Arthur C. Clarke Makes His Last Orbit Around the Sun

arthur_clarke_collection.jpg
My Arthur C. Clarke collection.
"Any sufficiently advanced technology is indistinguishable from magic."

Clarke's Third Law. Arthur C. Clarke, 1973.

Harken the words of Sir Arthur C. Clarke! What a fascinating man, indeed. The hard science fiction writer, futurist and inventor has been a giant in the scientific community for decades. A beacon of science and technology, Sir Clarke's influence on the scientific community, and humanity in general, is unparalleled. I was fortunate enough to run across Clarke's writings during college. I'd always known and loved 2001: A Space Odyssey because of the film by Stanley Kubrick. Most of all, I enjoyed his writings for their relevance and ofttimes prophetic nature. In 1962, Profiles of the Future was published in book-form. Here's what my Bantam paperback edition published in 1964 says on the back cover:
"'Contact with extra-terrestrials.'
'Artificial breeding of intelligent animals.'
'Machines which can duplicate everything including themselves.'
'Human imortality.'

No! This is not the world of science fiction! This is how we will actually live in the year 2100 A.D. when gravity will be controlled by man, when robots will probe the secrets of earth's interior, when machines will be more intelligent that the most intelligent human beings!

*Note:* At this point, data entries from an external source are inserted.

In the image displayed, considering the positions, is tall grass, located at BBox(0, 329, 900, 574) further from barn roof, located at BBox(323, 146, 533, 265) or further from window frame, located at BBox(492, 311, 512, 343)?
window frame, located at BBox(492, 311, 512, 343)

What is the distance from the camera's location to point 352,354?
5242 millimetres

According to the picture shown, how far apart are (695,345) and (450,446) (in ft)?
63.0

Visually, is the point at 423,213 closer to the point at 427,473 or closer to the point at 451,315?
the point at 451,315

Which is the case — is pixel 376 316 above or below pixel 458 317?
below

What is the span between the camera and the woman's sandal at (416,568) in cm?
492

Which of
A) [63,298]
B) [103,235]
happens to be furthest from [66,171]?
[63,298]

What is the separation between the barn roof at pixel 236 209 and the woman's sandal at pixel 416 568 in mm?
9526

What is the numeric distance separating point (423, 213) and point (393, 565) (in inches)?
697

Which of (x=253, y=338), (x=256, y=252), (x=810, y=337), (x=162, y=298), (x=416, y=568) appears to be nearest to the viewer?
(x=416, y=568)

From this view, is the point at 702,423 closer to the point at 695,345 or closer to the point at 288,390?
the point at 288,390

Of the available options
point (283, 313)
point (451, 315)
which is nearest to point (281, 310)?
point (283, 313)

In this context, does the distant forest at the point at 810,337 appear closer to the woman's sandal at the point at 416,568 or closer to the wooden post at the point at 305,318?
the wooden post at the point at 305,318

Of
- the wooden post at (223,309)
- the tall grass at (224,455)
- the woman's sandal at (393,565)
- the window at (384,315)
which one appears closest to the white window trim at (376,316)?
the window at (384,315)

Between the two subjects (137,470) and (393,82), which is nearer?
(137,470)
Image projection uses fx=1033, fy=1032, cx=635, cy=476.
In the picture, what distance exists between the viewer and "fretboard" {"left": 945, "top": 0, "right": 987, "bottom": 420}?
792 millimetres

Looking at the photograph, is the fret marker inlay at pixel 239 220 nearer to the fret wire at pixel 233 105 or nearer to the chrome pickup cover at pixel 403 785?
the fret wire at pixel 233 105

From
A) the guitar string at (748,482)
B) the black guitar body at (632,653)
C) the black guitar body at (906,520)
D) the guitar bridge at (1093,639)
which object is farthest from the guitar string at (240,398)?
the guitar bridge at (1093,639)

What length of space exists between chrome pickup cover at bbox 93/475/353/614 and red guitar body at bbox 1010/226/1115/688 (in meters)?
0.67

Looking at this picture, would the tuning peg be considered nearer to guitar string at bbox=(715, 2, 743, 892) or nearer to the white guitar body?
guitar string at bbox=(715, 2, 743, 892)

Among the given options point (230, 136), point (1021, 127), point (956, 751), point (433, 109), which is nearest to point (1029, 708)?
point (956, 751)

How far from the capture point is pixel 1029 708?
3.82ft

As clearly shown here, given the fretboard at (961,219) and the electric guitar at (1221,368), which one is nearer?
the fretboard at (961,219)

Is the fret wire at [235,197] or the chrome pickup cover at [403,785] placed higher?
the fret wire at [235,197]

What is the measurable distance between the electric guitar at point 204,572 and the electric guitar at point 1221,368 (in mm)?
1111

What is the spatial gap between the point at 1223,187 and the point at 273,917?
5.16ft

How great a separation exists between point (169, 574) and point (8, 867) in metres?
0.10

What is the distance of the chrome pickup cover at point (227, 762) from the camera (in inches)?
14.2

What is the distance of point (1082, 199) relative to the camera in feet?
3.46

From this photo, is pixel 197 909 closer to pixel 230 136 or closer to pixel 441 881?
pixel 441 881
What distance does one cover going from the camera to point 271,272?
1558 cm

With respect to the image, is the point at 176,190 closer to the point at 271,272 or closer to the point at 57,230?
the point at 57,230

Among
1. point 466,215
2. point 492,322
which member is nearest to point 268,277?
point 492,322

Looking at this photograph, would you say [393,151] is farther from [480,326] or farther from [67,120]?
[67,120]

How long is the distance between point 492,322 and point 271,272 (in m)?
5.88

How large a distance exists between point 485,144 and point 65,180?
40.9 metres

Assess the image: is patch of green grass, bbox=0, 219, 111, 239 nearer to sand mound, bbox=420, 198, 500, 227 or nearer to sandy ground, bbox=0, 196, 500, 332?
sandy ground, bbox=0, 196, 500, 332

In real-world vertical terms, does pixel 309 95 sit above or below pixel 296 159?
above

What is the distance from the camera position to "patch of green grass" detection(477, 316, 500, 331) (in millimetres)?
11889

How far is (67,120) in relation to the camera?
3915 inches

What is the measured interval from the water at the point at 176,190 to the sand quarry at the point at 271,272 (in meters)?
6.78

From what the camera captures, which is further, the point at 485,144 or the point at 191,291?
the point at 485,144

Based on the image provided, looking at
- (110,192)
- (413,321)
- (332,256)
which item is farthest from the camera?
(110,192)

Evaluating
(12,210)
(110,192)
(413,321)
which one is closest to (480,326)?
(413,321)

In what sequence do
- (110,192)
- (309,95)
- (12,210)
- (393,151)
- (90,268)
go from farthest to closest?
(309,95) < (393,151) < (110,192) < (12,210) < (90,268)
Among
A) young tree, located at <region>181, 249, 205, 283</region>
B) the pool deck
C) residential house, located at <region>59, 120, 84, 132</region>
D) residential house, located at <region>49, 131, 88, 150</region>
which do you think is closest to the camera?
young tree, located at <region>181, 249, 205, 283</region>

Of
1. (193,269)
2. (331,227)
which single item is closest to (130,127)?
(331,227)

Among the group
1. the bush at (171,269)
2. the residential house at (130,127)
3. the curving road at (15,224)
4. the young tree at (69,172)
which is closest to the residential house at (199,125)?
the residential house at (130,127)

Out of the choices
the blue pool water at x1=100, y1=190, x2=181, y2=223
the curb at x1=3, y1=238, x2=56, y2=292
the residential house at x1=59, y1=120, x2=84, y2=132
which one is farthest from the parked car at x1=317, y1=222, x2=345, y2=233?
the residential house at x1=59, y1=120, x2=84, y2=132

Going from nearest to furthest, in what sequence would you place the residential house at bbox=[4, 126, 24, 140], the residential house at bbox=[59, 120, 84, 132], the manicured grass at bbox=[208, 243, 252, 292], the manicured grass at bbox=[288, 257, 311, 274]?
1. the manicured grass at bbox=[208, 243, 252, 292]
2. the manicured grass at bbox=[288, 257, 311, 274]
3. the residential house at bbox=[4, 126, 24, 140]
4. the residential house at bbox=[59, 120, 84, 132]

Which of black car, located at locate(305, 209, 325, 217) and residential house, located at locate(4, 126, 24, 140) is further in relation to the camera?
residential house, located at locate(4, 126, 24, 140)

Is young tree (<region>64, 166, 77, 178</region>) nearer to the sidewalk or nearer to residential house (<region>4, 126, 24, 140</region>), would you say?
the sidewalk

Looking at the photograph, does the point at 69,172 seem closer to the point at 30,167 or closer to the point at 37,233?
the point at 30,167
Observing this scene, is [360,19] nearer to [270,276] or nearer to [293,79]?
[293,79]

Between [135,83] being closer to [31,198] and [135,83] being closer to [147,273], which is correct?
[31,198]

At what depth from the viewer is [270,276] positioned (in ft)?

This is the wonder world of the future as seen by Arthur C. Clarke, the distinguished author and scientist. Here is a brilliant, fascinating prediction of the next one hundred fifty years of Man."
In the above mentioned work, Clarke refers to a "global library" to be available to all by 2005. Whether or not Google directly references Clarke in their Google Books Library Project, he's ostensibly in the background, providing inspiration for new paradigm shifts in thinking.

Most importantly, he inspires mankind to strive for something greater. There is nothing impossible! Whether his predictions were off-the-mark, or right-on is not as important as his vast influence on the scientific and literary communities, and humankind in general.

Sir Arthur C. Clarke died in his home in Sri Lanka of breathing complications on 19 March 2008; merely days after he'd reviewed the final manuscript of his latest work, The Last Theorem, co-written with Frederik Pohl.